Build a rocket launcher with your kids and send your soda bottles soaring. This project is part drink, part craft, part building activity, all high-flying fun.

Why Build a Pop Bottle Rocket Launcher?

Pop bottle rockets provide hours of fun for kids of all ages and all personalities. Got a future engineer? She’ll love to build the rocket launcher. An artsy-craftsy kid? Watch him create the coolest rocket ever to grace a soda bottle. Are you a little competitive? Launch your rocket again and again to see just how high you can make it go.

A rocket launch is great fun for everyone.
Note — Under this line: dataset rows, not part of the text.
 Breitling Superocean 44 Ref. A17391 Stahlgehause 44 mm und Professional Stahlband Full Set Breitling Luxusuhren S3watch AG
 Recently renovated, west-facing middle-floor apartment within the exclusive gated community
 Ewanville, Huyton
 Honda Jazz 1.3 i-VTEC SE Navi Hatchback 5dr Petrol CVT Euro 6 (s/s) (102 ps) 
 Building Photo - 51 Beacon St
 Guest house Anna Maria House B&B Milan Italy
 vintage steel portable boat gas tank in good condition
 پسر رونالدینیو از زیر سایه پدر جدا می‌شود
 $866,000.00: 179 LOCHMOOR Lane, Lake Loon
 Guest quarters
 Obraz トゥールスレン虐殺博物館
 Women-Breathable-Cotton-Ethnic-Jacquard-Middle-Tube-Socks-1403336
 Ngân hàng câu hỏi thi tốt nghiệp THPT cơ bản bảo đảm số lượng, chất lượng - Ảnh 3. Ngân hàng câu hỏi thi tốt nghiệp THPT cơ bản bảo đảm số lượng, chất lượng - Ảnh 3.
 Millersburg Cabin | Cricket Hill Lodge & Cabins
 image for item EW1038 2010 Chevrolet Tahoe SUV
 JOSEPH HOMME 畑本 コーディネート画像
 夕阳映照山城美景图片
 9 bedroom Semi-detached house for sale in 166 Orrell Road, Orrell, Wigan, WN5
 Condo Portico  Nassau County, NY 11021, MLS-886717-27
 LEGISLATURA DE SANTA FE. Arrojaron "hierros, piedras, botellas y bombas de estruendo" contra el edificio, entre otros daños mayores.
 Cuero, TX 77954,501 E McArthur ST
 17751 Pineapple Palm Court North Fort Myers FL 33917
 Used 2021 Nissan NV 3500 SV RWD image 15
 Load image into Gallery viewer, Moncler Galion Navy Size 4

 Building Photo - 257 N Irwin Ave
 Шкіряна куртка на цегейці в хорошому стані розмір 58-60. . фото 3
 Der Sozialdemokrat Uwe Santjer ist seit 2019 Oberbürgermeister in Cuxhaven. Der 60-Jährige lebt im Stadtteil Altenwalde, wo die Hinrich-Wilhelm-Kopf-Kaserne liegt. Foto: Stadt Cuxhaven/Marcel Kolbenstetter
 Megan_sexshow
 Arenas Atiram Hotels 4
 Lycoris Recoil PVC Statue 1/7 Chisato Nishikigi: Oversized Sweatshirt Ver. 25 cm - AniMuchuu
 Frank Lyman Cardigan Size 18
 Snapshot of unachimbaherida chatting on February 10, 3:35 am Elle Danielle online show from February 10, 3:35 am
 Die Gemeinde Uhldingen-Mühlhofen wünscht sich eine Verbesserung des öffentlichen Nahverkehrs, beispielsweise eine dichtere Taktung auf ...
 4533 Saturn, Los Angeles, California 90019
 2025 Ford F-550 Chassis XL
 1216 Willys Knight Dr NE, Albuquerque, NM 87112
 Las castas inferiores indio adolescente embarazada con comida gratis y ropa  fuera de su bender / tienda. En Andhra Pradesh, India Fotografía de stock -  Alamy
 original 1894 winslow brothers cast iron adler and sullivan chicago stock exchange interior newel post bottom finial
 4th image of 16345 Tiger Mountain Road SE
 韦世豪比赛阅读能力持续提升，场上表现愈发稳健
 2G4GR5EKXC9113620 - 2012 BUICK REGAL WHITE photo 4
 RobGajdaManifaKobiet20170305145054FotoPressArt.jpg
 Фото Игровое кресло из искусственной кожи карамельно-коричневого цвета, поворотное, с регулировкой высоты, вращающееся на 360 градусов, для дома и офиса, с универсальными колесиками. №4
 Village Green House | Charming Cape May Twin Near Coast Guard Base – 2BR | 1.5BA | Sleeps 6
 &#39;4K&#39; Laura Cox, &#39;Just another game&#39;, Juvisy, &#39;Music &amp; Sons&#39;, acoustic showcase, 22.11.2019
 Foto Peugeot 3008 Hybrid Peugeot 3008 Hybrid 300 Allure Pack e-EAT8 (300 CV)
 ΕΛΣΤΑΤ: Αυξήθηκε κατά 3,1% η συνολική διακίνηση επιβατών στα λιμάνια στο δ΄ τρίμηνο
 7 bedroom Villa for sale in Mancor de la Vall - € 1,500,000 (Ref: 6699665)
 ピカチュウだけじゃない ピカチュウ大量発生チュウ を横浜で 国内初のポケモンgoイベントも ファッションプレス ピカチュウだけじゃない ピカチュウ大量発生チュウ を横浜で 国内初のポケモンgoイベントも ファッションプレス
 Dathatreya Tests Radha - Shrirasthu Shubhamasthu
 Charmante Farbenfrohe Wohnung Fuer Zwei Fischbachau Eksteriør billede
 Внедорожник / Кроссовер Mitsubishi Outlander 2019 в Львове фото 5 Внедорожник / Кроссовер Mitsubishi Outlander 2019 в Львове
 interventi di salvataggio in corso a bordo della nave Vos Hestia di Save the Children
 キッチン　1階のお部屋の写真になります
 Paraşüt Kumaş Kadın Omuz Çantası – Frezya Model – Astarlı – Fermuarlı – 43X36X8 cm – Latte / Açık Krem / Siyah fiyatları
And it starts with a delicious root beer float. (Or, your budding environmentalists can search through the recycling bin for a bottle to repurpose into a rocket.)

The best part is that once you build the rocket launcher, you can use it over and over again. Just add a new pop bottle rocket for another day of fun with your kids.

This adventure ends with you being the coolest parent ever. It’s the whole package!

Check out this video for an overview of this project. Pop bottle rocket launchers are pretty simple to make and they’re always exciting to watch!

Get a sneak peek at how to build a pop bottle rocket launcher with this video.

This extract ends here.